A bathroom with a glass shower door
When you installed your glass shower door, you probably loved the sleek, clean look it afforded your bathroom. However, over the passing weeks and months, you might have noticed a filmy residue forming on the glass. This is the result of minerals clinging to the door after water droplets from your shower evaporate.

Learn more about how both hard and soft water can affect your shower door as well as how to combat the unsightly residue and prevent it from returning.

The Effect of Hard Water on Glass Shower Doors

Hard water contains a high amount of dissolved minerals including calcium, magnesium and lime.
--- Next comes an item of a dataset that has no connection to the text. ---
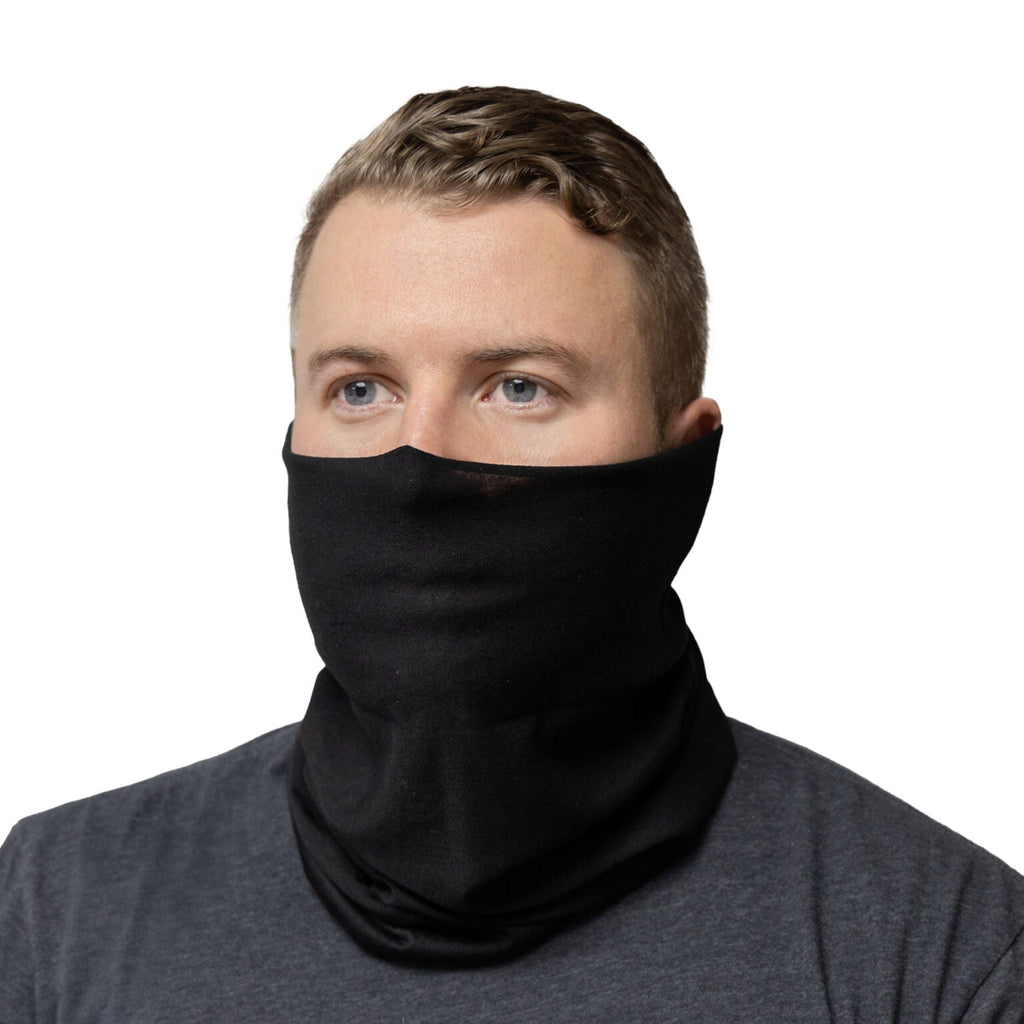 WARQ Pro Force-on-Force Training Helmet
Rainwater is soft, but by the time it passes through the ground, into waterways and out of your showerhead, it has picked up plenty of minerals.
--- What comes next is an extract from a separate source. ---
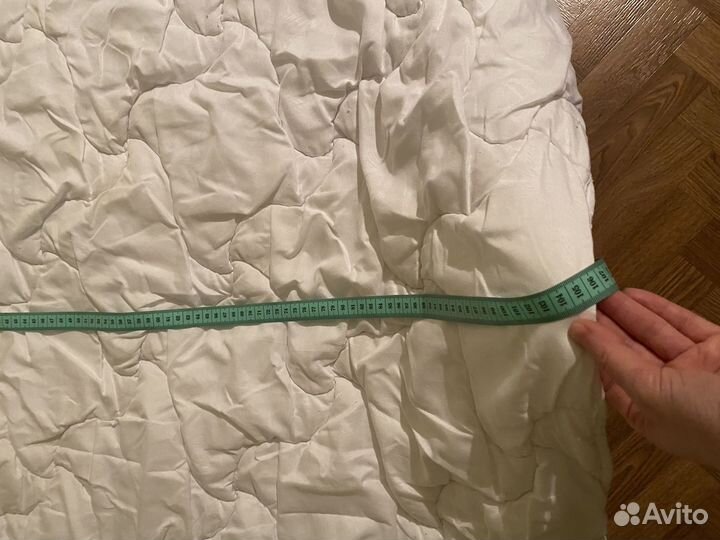 Детское постельное белье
Very hard water – defined as 10.5 grains per gallon (GPG) or higher – is found across the country, especially in the Midwest, pockets of the Southwest and Florida. The six metro areas notorious for having the hardest water in the country include:

  • Phoenix, AZ

  • Tampa, FL

  • Indianapolis, IN

  • Minneapolis, MN

  • Las Vegas, NV

  • San Antonio, TX

When hard water exits your taps, it leaves behind dingy clothes, spotted glassware and filmy shower doors. Soap is less effective because it reacts negatively with magnesium and calcium. Even your hair may feel sticky and look dull when washed in hard water.

The Effect of Soft Water on Glass Shower Doors

When water is treated to remove magnesium and calcium, it’s known as soft water. While most of the ions are removed from soft water, sodium (a negatively charged ion) remains. This can make your water taste salty and notably increase your sodium intake each day.
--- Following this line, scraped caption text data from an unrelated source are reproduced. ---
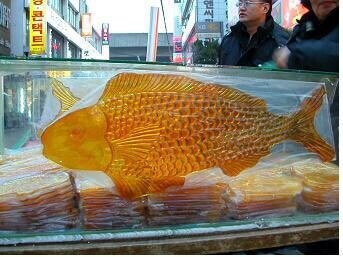 아재들 중 선택받은 자만이 가질수 있었던 것.JPG_1.jpg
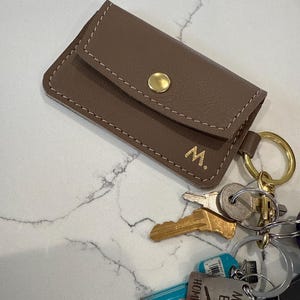 Maria ha añadido una foto de su compra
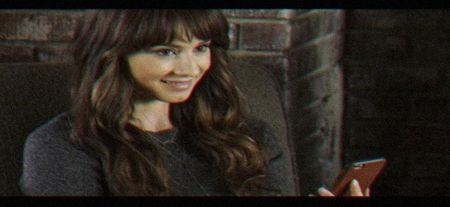 ‹breatheme ̸̠G̸̸̠̠O̸̠T̸̠Spencer Hastings✩.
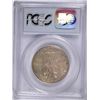 Image 4 : 1935-S BOONE COMMEN HALF DOLLAR PCGS MS-65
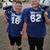 Jason Lanning's profile image
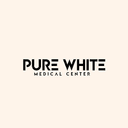 White Medical Center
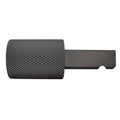 GG&G Inc. Enhanced Charging Handle for Remington 1100 & 1187 Shotguns, Part GGG-1531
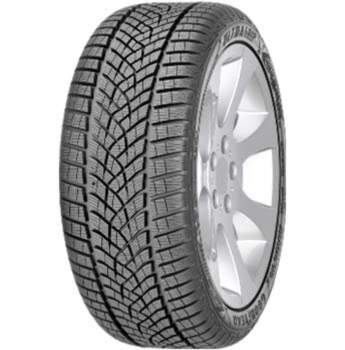 225/45R19 96V XL UltraGrip Performance G1 FP GOODYEAR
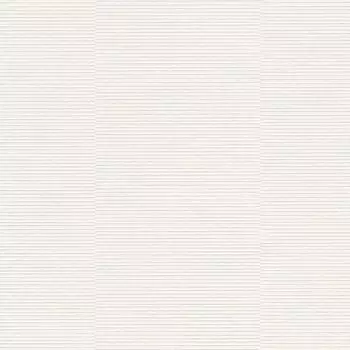 Обои Rasch Bauhaus 326000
Once it falls to the ground, water isn’t found any softer than about 1 to 3.5 GPG, which is considered slightly hard. To be called soft water, it must contain less than 1 GPG. This can only be done with a water softener.

While it may seem as though achieving the softest water possible is beneficial for avoiding residue, it might not be safe to drink. Plus, the sodium in soft water can leave behind stains similar to hard water spots.

How to Remove Buildup from Glass Shower Doors

A damp sponge and even window cleaner isn’t enough to remove hard water residue from your glass shower doors. Instead, try these tips:

  • Spray on a commercial lime- or calcium-removing spray specifically designed to remove hard water spots. Be careful not to spray any grout or stone in the shower to prevent damaging these materials.

  • For fresh hard water spots, rub the shower door with a dryer sheet to lift residue without scratching the glass.

  • For stubborn hard water spots, first spray lemon juice on the shower door. Then rub on a paste of baking soda and vinegar with a soft cloth or sponge. Immediately rinse and dry the door.

How to Prevent Buildup on Glass Shower Doors

Once you remove the buildup from your shower doors, prevent its return with these tips:

  • Wipe down the door after every shower. A squeegee is an effective tool for the job.

  • Use ClearChoice protective coating to reduce water stain damage.

  • Install a water softener if you live in a hard water area to bring mineral hardness down to about 3 GPG.